Голос Берггольц (её роль исполняет Елизавета Боярская) звучит в голове: ослабевшая от недоедания, она медленно идёт по относительно безопасной стороне улицы, узнаёт раз за разом свой любимый город, обезображенный войной, вспоминает, каким он был раньше. Констатируя факты блокадной жизни, она время от времени сбивается на любовные переживания — и с удивлением отмечает это, то споря сама с собой, то внутренне борясь за право жить, а не просто ждать смерти. Размышления героини — настолько личные и по-человечески противоречивые, что довольно просто почувствовать их своими. Получается нечто среднее между экскурсией, озвученным внутренним диалогом и путешествием, но не во времени, а в пространстве памяти, которое на улицах Петербурга конструирует драматургический текст Валерия Панюшкина. Он не просто воссоздаёт картинку прошлого в настоящем, он сталкивает их: поэтому вместо оживлённого трафика на перекрёстке Невского и Литейного нам предлагают увидеть развороченный трамвай, а в ломящейся деликатесами витрине Елисеевского — только еловые ветки. Идя по чётной стороне — подумать о том, что именно здесь мы могли бы с большей вероятностью погибнуть под бомбежкой. А за окном дома на самой тусовочной улице города представить, как молодые и весёлые люди, полные надежд — похожие на нынешних нас — слышат первые разрывы.

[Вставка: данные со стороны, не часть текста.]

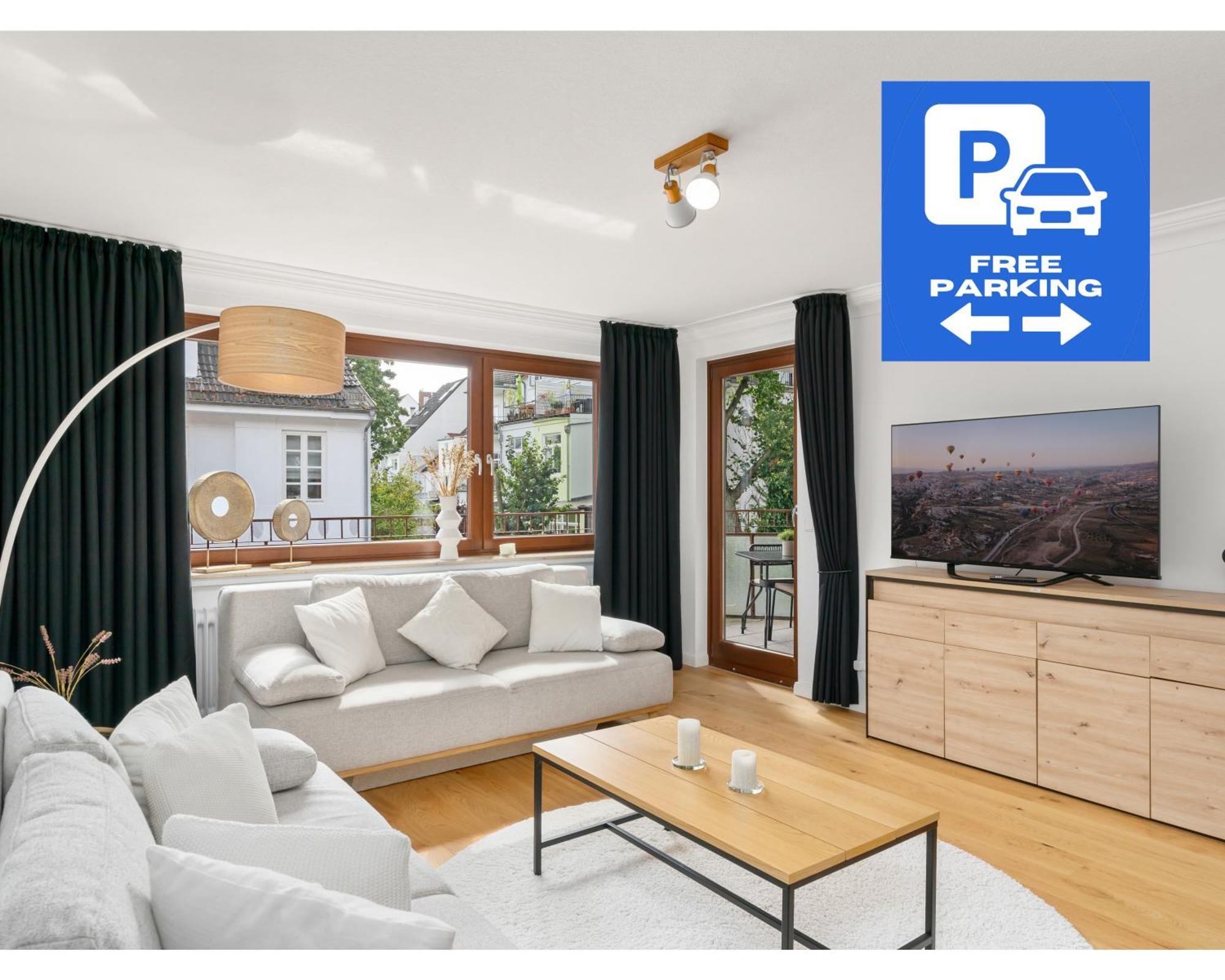 Mel&Bens Modern Oak-Apartments Fuer Bis Zu 12 Personen BRE 外观 照片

В историю погружаешься не только зрительно, но и тактильно: чувствуя под рукой гранитные перила или металлический прут ограды — может быть, именно за него она держалась, отдыхая на середине своего бесконечно долгого пути. Вот, кстати, ещё одно столкновение двух разных реальностей: что для нас такое сорок минут спектакля?
Зачем это смотреть?
Теодор Курентзис на презентации спектакля в Доме Радио сказал, что самые неизвестные вещи — это те, что ты считаешь хорошо знакомыми. Маршрут пролегает по оккупированному туристами Невскому проспекту, который местные тысячу раз видели, поэтому либо избегают, либо проскакивают в толпе, не глядя по сторонам. Снаряженный чужой оптикой, привычные, насквозь знакомые вещи рассматриваешь по-новому, чувствуя себя немного иностранцем. «Я жила» даёт возможность убрать автоматизм восприятия, сойти с рельсов, проложенных ещё в школе, иначе увидеть историю — как что-то живое, настоящее, своё. И по-новому соприкоснуться с первоисточником — мощнейшим высказыванием на тему жизни и смерти, особенностей человеческой природы, советского уклада.
А ещё — отдать дань памяти, которая нужна и этим дням, и этому городу, и людям, которые погибли, чтобы мы сейчас могли пить вино на Рубинштейна, любоваться подсветкой на Невском и покупать пирожные в Елисеевском.